Another question that needs to be asked is why aid funding is channeled into the community through the honorable member of a constituency rather than through the ministry responsible itself and through its provincial networks. Distribution of aid funding through the honorable member responsible for a constituency is in itself a venue that encourages corruption. One of Dr. Sikua’s points in his defense was that one contributing factor to the delay in receipt disbursal and acquittal of the Micro projects development and millennium goals was the fact that he was “engaged with is election petition case which started in March 2011. The chairpersons of his polling stations also had to approve the constituency’s 2011 budget in July last year before the funds could be received. Clearly, the interference of political activities, obligations and protocols has hindered the process of disbursal of funds and acquittals for his constituency, which emphasizes the idea that there needs to be a more transparent system of distributing aid funding  that involves minimum or no political interference.
The statement released by the Ministry of Rural development saying that other provinces have already acquitted and these have already been delivered to the Embassy of the Republic of China is questionable as the reporting would need to be compiled as a tranche report and acquittal by the Ministry itself and then presented to the embassy and this cannot be submitted unless all constituencies have given in their acquittals which again raises the question of whether or not there is a transparent system in place for the distribution of funding and whether this issue is being used against Dr. Sikua as a political retaliation.

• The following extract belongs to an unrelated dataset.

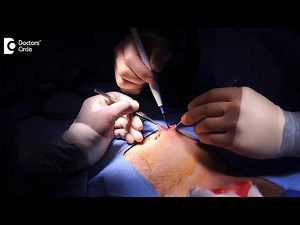 Why is mesh, a foreign body used for Hernia Repair? - Dr. Viswanath S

Perhaps the more important question to ask is, “Is the current system being used as a political campaign tool to subsidize the constituency allocations (which are not always sufficient for rural development once all political favors have been paid for) and is the government turning a blind eye on the issue of transparency of the distribution system to cater for other discrepancies?

1 comment:

  1. These sorts of issues are always in the media. Ministers, provincial leaders and other government officials usually make the news. It is sad that the people who are supposed to serve us resort to dirty games. I think if it was not for the media these groups of people would continue to misuse funds. Corruption ills every society and I think that is where the media plays the vital role of getting the truth out and maintaining the balance in society. The above members of parliament should be held accountable and be held to acquit every single cent. Perhaps the only pressure they are receiving is from the media and I think they should not let it go easy. Of course by balanced and fair reporting.